3rd Sunday of Epiphany


Isaiah 9 1-4

Psalm 27.1, 4-14 or 1-11

1 Corinthians 1.10-18

Matthew 4. 12-23


Last Monday lots of news channels made a great deal of the fact that the 16th January is 'Blue Monday'. Back in 2004 a travel company came up with a very successful ploy for selling holidays; they commissioned a psychologist to identify the bleakest day in the year, presumably because that was a good day to sell holidays to sunny places. He came up with a very dubious formula, based on a combination of when the weather was worst, when peoples' post-Christmas debt was greatest and when guilt over lapsed new year resolutions was heaviest, and reasoned that the day on which all these things came together was the 16th of January. This totally unscientific formula seems to strike a chord every year with lots of people, some of whom may be affected by something called seasonal affective disorder or SAD, where the lack of daylight at this time of year can bring with it feelings of depression and low morale. This year, with strikes and the rising cost of food and energy, those feelings are particularly acute for many people. I thought about Blue Monday and seasonal affective disorder when I read today's readings from Isaiah and Matthew, with their references to the people who walked in darkness, because today's readings tackle all our many forms of darkness head on, and in doing so help us to understand how we can find a way of coming through that darkness and into a place where we can perhaps begin to share the reassurance that the psalmist feels when he cries 'The Lord is my light and my salvation, of whom shall I be afraid?'.


When we hear about enemies in the psalms they don't always need to be seen as real people; those enemies can be our own darkest thoughts and fears, enemies to our peace of mind, the fears and worries that come to us at two in the morning when the night is darkest. Those times when we ourselves feel like a people walking in darkness. For the psalmist the darkest times are also those when he draws most deeply on his relationship with God, a relationship which is built on faith and expressed through prayer. It's a form of seeking that never stops;

'Come my heart says, seek his face!

Your face Lord, do I seek.'

So, this is one way we can begin to find our way through the darkness; trying like the psalmist to constantly work at coming closer to God in our thoughts and prayers, giving more time to allowing that relationship to grow and develop. Psalms like Psalm 27 are there to give us the words we need when we can't find our own to express the immensity of our struggles; they enable us to lift our heads up and look ahead to the coming of the light. Matthew wants us to understand that Jesus is that light, the fulfilment of the Prophecy in Isaiah. Matthew makes us aware of the reality of Jesus's presence in the world; everything that happens in today's Gospel is rooted in real places, Galilee, Nazareth, Zebulun, and Naphtali, as if to help us to understand that the light of Jesus 'coming is present in the world as it is, and not something for the future.

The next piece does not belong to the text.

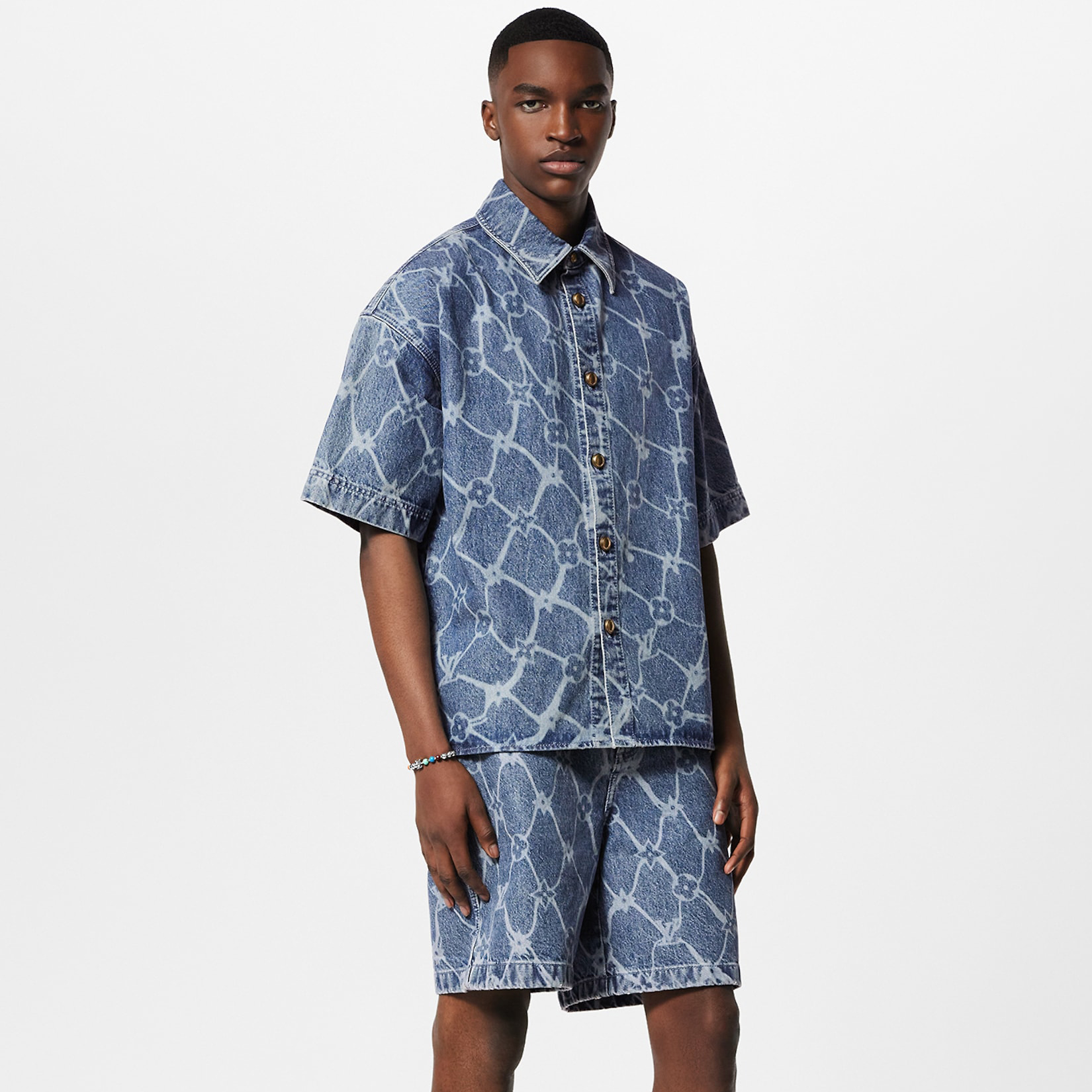 NIGO Louis Vuitton Men's Summer Blue Logo Printed Lapel Single Breasted Denim Short Sleeve Shirt Zipper Straight Jeans Shorts Set Suit #nigo72819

Along with the names of places Matthew and Paul seem very aware of the names of individual people; Jesus knows and calls each fisherman by his name and Paul addresses the Christians in Corinth by name as well: Chloe, Apoloos, Cephas, Stephanas and his household. In this week of Christian unity, it's helpful to hear Paul call to us to be in agreement, 'there should be no divisions among you, 'he says, because our purpose as the people of God is greater than that'. Paul says this greater purpose is to share our knowledge and understanding of God in Jesus, however incomplete it may be, with the rest of the world. Perhaps through today's readings we're also being invited to hear our own names being called as witnesses to this light; to understand that the calling out of darkness into the light of God's loving presence is for each of us individually as much as it was for James and John, Simon Peter and Andrew.


The darkness we need to overcome can take many forms- for Paul the darkness in Corinth is quarrels about self-importance and misunderstanding. For the psalmist it's evildoers assailing him in order, as he puts it to 'devour his flesh'. Paul offers a way forward for us all as Christians, the message of the cross; he explains that this message is foolishness to the world at large because it means letting go of all the ego-driven rivalries and competition that cause division and conflict. In Matthew's story of the first disciples leaving their nets he shows us a group of friends who do precisely this; they put their own selves, their own livelihoods, second, and give up everything to follow Jesus. They don't hang back; they respond immediately. Jesus calls them out of their safe and everyday routine. They're not to stay entangled in their nets, they're to step out of the everyday and follow him.


Today's readings help us to see that we too can follow the example of those early Christian communities by letting go of our rivalries and all the metaphorical nets that entangle us every day, joining together in sharing the gospel with the rest of the world. Today's readings tell us that the many forms of darkness we encounter every day can be dispelled once we begin to see with the psalmist how 'the Lord is our light' and hear ourselves called by name just like the earliest disciples. Then we will know that God through Jesus offers us something infinitely better than a holiday in the sun as a way of combatting our darkness, not just on Blue Monday, but every day.


In the name of the Father, and of the Son, and of the Holy Spirit,

Amen.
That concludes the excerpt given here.